A university systems engineer in Wisconsin is inviting hackers to break into his Mac.
Dave Schroeder, a senior systems engineer at the University of Wisconsin, launched his contest on Monday. An earlier challenge was too easy, he said.
Schroeder is asking hackers to alter the home page hosted on a Mac mini that is running Mac OS X 10.4.5 with the latest security updates. The system has two local accounts, and has SSH and HTTP open — "a lot more than most Mac OS X machines will ever have open", Schroeder said on his Web site.
Originally, the online event was scheduled to end on Friday. But because of the enormous attention, the time for the challenge has been cut short and will now end Tuesday at 2200 PST (0600 GMT on Wednesday), Schroeder said.
"It has been pretty surprising how well the little Mac Mini has stood up. It has taken a pounding," Schroeder said in a telephone interview. "The attention [the contest] has gotten has just exploded. This isn't a real, official test: It is just kind of done in the academic interest."
First contest
In the earlier challenge, an anonymous hacker claimed he was able to
compromise OS X within 30 minutes using an undisclosed vulnerability to
gain root access. However, attackers were given user-level access to
the system, rather than being shut out completely.

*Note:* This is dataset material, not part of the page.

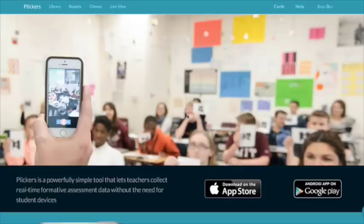You assign each student a number one time, print off their paper clicker, and it's attached to their name for the year.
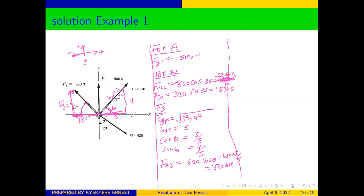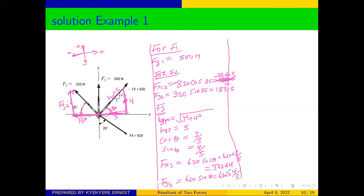We can also get Fy3. Since the y-side is opposite to the angle, we use sine: Fy3 = 620 × sin θ = 620 × (4/5). Therefore, Fy3 = 496 newtons.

"The original challenge allowed any users to have local accounts to access the machine via SSH," Schroeder said in an interview via email. "This is an important distinction, because if you have local — or physical — access to a computer, you have a very distinct leg-up in terms of the ability to escalate your privileges."
Early media reports on the first competition did not call out the fact that attackers were given local access to the system. This irked Schroeder, moving him to launch his own challenge. "The original article left readers with the impression that a Mac OS X machine could be easily hacked into just by being connected to the Internet," he said.

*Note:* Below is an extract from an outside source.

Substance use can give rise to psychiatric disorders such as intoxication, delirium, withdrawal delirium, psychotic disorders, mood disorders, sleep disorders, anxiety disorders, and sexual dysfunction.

Still, the previous contest was a real challenge, Schroeder said. "Assuming it is genuine, it represents an as-yet-unknown local privilege escalation that would allow any local user to gain root-level access," he said. This could be a serious issue for any setting with shared machines, such as schools, he said.
It could also pose a problem for Web hosting providers that use Apple's operating system, said Johannes Ullrich, chief research officer at SANS Institute. Customers on shared machines need access to update their Web sites. A privilege escalation flaw could let a malicious user with such access gain full control over a system, he said.
The hacker challenges come after weeks of scrutiny of the safety of OS X, prompted by the discovery of two worms, and the disclosure of a vulnerability that was deemed "extremely critical" by security monitoring company Secunia. Security experts are also questioning the effectiveness of Apple's latest patch.
Schroeder plans to sift through the log files of the Mac and publish anything interesting, he said in the phone interview. "I know it is disappointing that it will be ending early to a lot of people."
Earlier on Tuesday, Schroeder said that most of the hacking attempts were from scripts and tools attempting to use common Web exploits, dictionary attacks against SSH, port scans and scans by security tools such as Nessus. On Tuesday morning the site was down briefly due to a denial-of-service attack, he said.
The person who does successfully hack Schroeder's Mac Mini is requested to send him an email describing the attack. Schroeder plans to report that to the appropriate software vendors and will post results after the close of the challenge, he said.